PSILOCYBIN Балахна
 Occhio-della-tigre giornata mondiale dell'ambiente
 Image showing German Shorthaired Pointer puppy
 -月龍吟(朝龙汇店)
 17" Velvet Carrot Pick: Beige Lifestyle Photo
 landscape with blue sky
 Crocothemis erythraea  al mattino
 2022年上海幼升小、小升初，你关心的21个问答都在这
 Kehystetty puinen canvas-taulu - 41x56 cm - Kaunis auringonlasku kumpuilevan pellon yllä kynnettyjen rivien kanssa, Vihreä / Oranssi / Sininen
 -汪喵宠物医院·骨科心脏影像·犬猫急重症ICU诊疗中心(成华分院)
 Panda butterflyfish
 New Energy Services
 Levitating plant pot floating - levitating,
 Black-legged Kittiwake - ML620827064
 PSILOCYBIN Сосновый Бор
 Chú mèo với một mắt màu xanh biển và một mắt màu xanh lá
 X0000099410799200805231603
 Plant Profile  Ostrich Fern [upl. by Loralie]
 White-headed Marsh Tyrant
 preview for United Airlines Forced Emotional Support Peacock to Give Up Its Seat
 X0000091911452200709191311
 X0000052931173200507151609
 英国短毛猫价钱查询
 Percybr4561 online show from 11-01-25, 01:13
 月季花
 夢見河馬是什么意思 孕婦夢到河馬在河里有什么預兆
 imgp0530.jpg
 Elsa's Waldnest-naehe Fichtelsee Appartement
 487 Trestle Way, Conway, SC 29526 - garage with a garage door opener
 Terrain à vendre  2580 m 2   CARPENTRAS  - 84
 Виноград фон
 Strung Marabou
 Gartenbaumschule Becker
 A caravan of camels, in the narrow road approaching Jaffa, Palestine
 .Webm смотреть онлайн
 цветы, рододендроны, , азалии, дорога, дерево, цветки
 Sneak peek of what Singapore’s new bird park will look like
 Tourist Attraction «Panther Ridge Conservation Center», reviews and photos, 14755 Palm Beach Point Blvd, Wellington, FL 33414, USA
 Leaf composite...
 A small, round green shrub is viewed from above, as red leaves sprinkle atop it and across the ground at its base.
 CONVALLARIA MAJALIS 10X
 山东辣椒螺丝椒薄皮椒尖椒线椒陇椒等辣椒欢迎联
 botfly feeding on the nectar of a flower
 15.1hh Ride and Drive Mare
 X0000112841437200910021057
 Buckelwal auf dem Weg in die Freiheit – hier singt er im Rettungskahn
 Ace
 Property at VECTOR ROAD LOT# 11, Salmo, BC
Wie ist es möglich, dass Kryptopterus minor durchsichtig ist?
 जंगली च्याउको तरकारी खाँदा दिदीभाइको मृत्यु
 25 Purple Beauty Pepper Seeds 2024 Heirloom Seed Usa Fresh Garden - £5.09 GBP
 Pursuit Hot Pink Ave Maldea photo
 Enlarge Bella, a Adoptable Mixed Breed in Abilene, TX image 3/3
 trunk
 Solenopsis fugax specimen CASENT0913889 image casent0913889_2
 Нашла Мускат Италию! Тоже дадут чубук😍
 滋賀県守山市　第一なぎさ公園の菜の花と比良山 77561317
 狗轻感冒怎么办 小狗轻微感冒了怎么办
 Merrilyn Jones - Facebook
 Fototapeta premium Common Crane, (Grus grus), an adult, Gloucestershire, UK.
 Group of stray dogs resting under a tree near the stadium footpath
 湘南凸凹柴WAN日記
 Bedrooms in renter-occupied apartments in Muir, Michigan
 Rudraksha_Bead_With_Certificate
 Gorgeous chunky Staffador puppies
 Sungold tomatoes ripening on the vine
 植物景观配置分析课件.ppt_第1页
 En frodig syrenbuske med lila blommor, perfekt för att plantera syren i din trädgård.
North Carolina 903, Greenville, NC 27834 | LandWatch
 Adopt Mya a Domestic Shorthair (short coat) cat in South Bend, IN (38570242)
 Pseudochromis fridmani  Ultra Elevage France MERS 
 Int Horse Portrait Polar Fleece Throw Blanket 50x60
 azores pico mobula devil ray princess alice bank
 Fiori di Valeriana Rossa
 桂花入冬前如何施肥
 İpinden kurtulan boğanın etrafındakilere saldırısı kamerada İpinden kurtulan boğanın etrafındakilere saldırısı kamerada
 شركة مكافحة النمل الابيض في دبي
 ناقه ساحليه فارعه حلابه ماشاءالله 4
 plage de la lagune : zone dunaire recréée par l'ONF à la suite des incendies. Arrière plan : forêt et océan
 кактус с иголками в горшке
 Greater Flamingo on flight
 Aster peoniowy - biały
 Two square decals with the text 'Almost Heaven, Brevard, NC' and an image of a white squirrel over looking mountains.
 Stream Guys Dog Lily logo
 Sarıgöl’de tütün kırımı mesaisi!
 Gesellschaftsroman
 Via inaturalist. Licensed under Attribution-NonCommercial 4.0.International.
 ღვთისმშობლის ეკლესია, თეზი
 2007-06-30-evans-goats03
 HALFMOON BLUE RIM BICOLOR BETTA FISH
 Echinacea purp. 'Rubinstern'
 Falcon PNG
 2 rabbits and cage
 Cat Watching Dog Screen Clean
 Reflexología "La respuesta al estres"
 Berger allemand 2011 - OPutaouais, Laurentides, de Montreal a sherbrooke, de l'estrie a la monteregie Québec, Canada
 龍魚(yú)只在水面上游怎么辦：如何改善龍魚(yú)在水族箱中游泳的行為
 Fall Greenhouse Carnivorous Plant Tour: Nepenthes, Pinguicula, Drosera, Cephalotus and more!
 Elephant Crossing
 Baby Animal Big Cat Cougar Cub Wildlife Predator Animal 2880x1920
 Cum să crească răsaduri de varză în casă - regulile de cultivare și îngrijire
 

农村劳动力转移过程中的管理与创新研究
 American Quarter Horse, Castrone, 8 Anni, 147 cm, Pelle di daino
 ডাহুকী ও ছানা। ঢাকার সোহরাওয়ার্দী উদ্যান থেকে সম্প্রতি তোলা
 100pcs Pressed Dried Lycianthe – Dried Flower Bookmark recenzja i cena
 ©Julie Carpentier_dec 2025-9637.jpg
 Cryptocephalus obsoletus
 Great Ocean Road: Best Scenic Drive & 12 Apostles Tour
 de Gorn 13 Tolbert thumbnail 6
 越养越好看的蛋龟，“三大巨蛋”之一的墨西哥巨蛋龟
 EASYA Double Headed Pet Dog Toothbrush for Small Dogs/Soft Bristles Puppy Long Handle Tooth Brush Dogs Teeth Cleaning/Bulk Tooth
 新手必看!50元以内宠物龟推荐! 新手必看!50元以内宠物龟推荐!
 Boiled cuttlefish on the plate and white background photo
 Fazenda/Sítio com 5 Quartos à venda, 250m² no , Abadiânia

···

### TASK PROMPT:
Output, from the data above, the lines from the line with "Fototapeta premium Common" to the line with "植物景观配置分析课件.ppt_第1页" exactly as they stand, both ends included and nothing else.

### COMPLETED EXERCISE:
 Fototapeta premium Common Crane, (Grus grus), an adult, Gloucestershire, UK.
 Group of stray dogs resting under a tree near the stadium footpath
 湘南凸凹柴WAN日記
 Bedrooms in renter-occupied apartments in Muir, Michigan
 Rudraksha_Bead_With_Certificate
 Gorgeous chunky Staffador puppies
 Sungold tomatoes ripening on the vine
 植物景观配置分析课件.ppt_第1页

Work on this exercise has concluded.